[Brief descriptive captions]
Segment Open

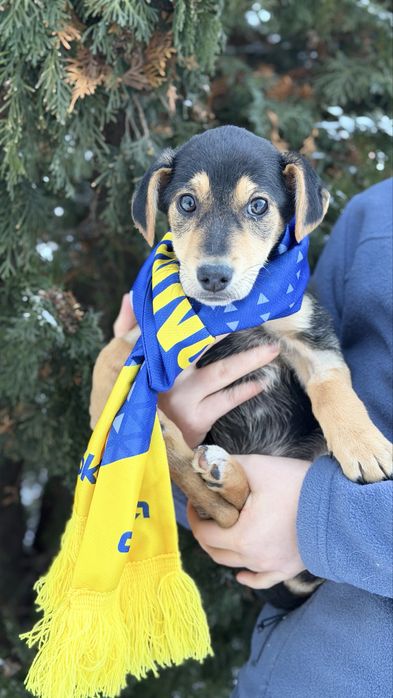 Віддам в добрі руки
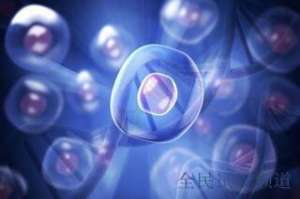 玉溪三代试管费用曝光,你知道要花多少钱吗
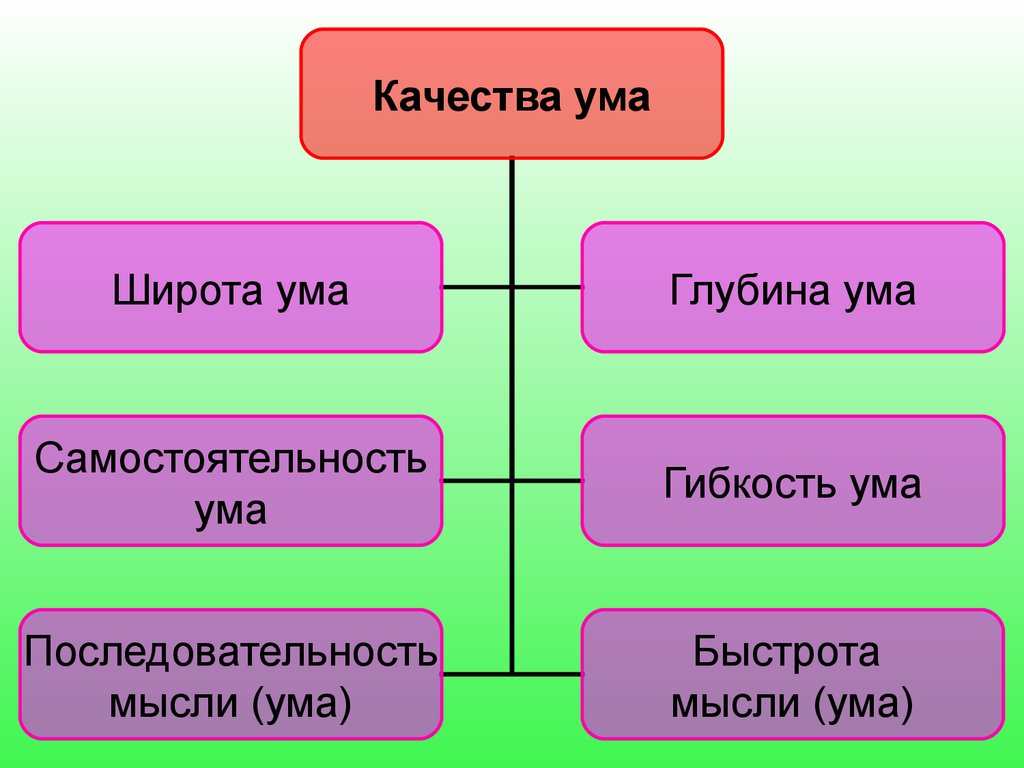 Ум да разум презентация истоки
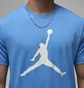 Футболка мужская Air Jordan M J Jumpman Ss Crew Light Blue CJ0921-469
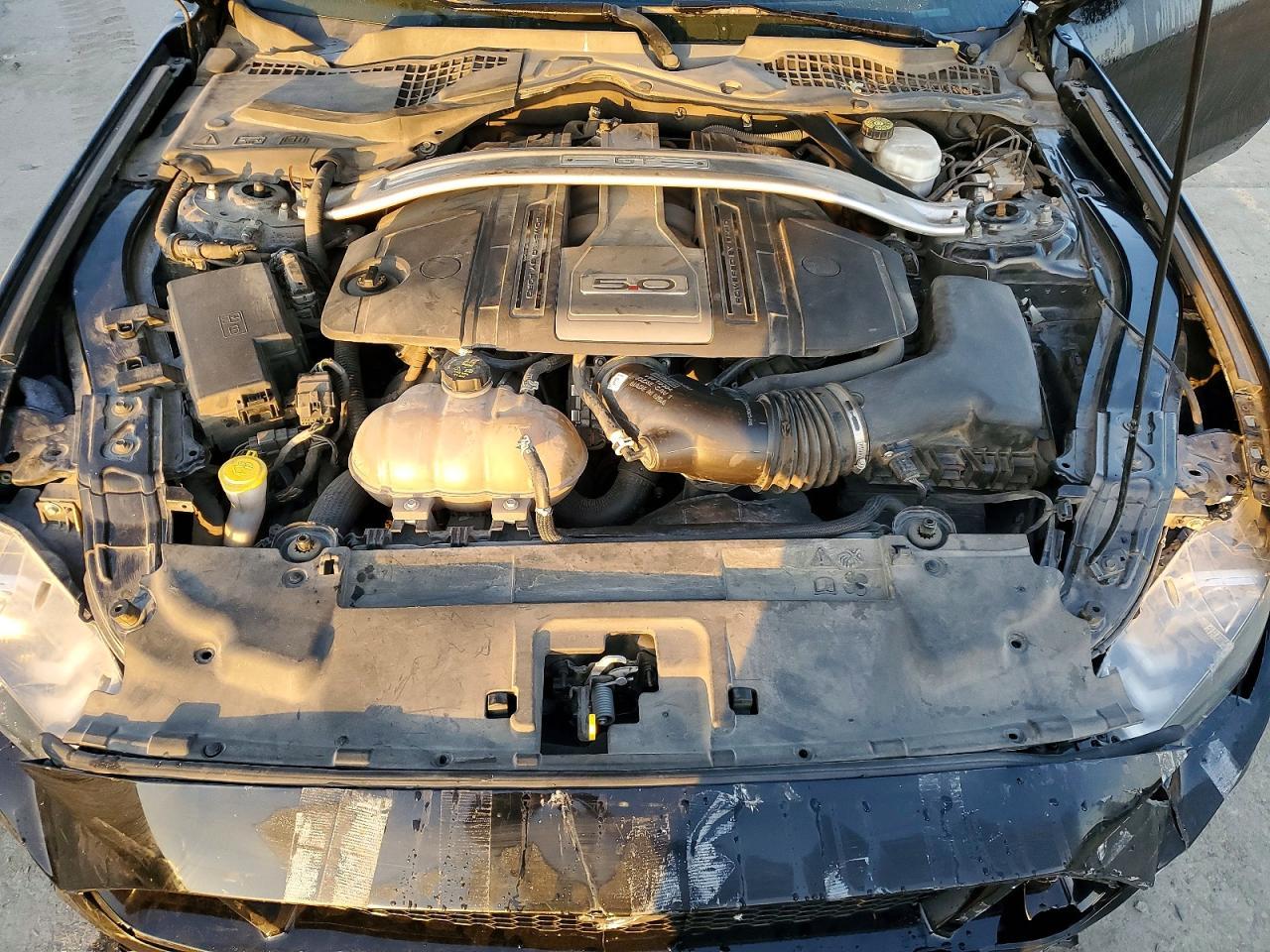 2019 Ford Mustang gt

Segment Closed

Instructions to follow:
Your answer must be the records exactly as they stand, with no pictures in it.

Solution for this exercise:
 Віддам в добрі руки
 玉溪三代试管费用曝光,你知道要花多少钱吗
 Ум да разум презентация истоки
 Футболка мужская Air Jordan M J Jumpman Ss Crew Light Blue CJ0921-469
 2019 Ford Mustang gt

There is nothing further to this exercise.